Handling the rare-event problem: Because breakdowns are rare relative to normal operation, the training set will be heavily imbalanced. Techniques include class weighting (penalising a missed failure more heavily than a false alarm in the loss function), oversampling breakdown examples, or framing the task as anomaly detection so the model flags sensor patterns that deviate from a truck's normal baseline rather than needing many labelled failure examples.
MLOps practice after deployment: Ongoing monitoring: track the model's predicted-risk distribution and its real-world false negative rate (missed breakdowns) over time, and retrain periodically as trucks age, routes change, or new truck models are added to the fleet, since a model trained on the original 400 trucks will drift as the fleet and conditions change.

Marking criteria: 1 mark for the correct type of learning, 1 mark for realistic and specific training data, 2 marks for a genuine, named technique to handle class imbalance, 2 marks for a specific MLOps practice (not just "the company should monitor it") linked to why it is needed for this system.

exam7 marksEvaluate the claim that "the hardest part of building an industrial machine learning system is training an accurate model." Support your evaluation using at least two of image recognition, NLP, recommendation systems or predictive maintenance.

Show worked solution →

This is an EVALUATE question: markers reward a clear judgement supported by contrasted evidence from named applications, not a description of each application in isolation.

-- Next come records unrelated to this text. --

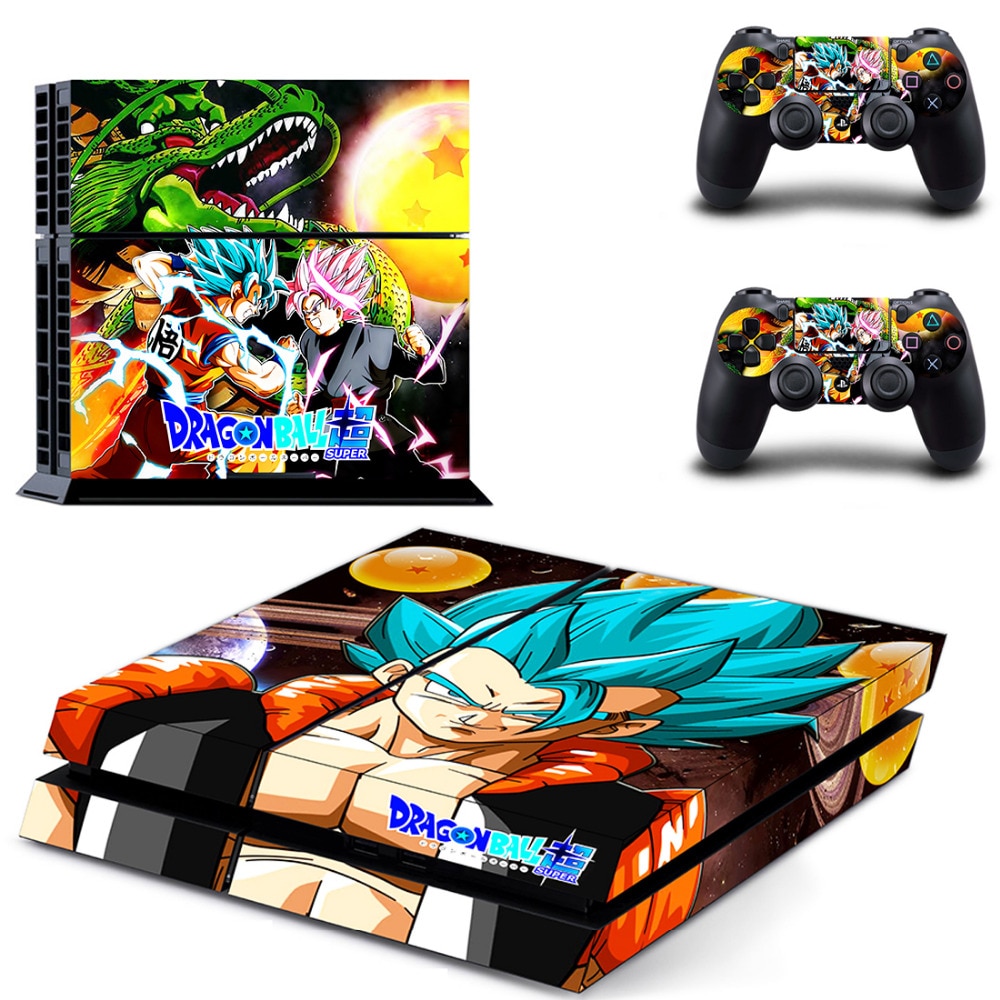 Japan Anime Dragon Ball Super Goku PS4 Skin Sticker Japan Anime Dragon Ball Super Goku PS4 Skin Sticker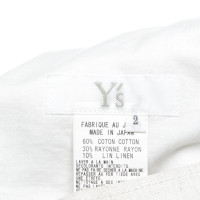 Yohji Yamamoto Trousers in Cream
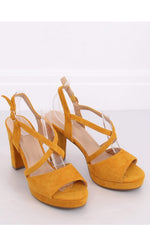 Heel sandals model 142091 Inello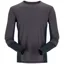 Rab Mens Syncrino Base LS Tee Graphene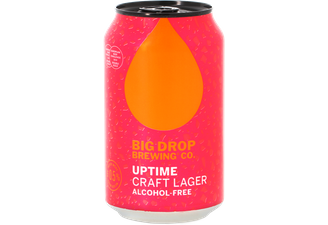 Bottled beer - Big Drop - Uptime Craft Lager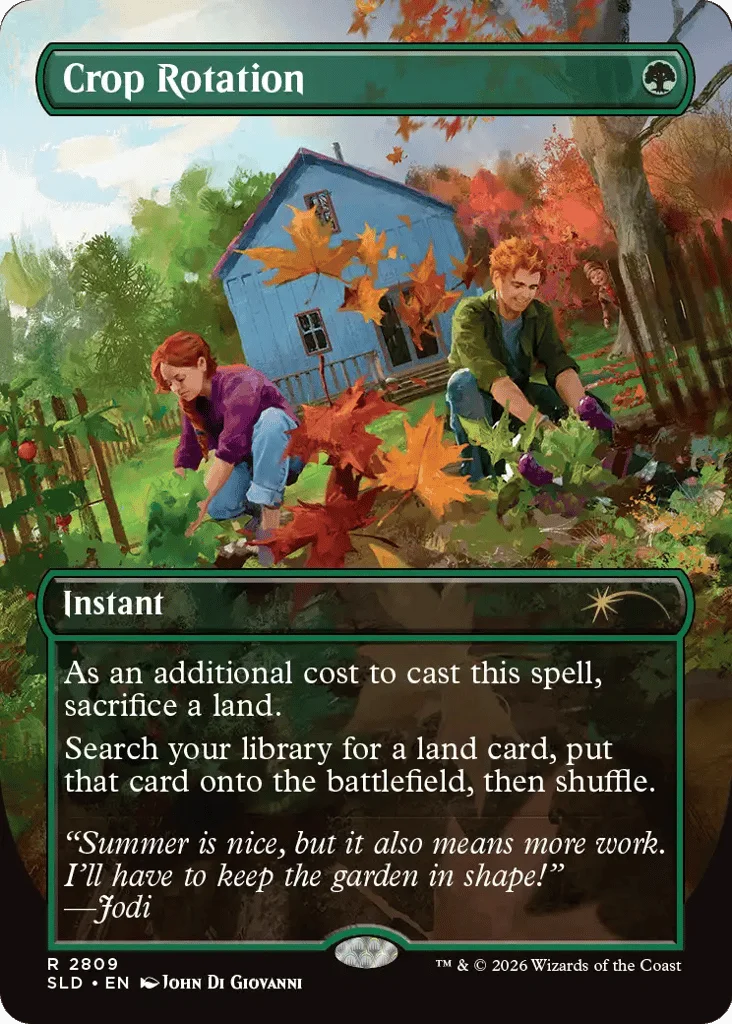 Crop Rotation · Secret Lair Drop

Thesis: The claim is largely false for real industrial systems: reaching a high training accuracy is usually achievable with enough labelled data and compute, but keeping a deployed model reliable, fair and useful over time is a harder, ongoing engineering problem that training accuracy alone does not capture.
Evidence 1: predictive maintenance: A model can reach very high training accuracy simply by predicting "no failure" for almost every example, since failures are rare; this training accuracy is misleadingly high and does not reflect real usefulness. The genuinely hard part is designing cost-sensitive evaluation so the model actually catches the rare failures that matter, and then keeping it accurate as machines age and sensor patterns drift, which requires ongoing monitoring and retraining long after the "accurate model" was first trained.
Evidence 2: recommendation systems: A recommender can achieve strong offline accuracy on historical click data yet still fail commercially if it creates filter bubbles or cannot handle the cold start problem for new users and products. Here, "accuracy" on past data is not even the right target: the harder problem is designing an evaluation that reflects long-term customer satisfaction, and building the infrastructure (A/B testing, monitoring engagement over weeks, not just click-through in the moment) to know whether the deployed system is actually working.
Counterpoint: For some tightly scoped image recognition tasks, such as detecting a single well-defined defect type on a stable production line with abundant labelled examples, training an accurate model genuinely is close to the whole problem, since the input distribution barely changes after deployment. This shows the claim is not uniformly false, but it is the exception rather than the rule.
Judgement: Across most industrial ML systems, especially those with rare events, evolving user behaviour, or changing real-world conditions, the ongoing MLOps burden (evaluation design, monitoring, retraining, handling imbalance and drift) outweighs the initial difficulty of reaching a good training accuracy, so the claim should be rejected as an overgeneralisation.

Marker's note: top-band answers (1) state an explicit thesis rather than just listing pros and cons, (2) use accurate, specific detail from at least two named applications rather than generic statements, (3) include a genuine counterpoint before reaching a judgement, and (4) end with an explicit judgement that directly answers the claim.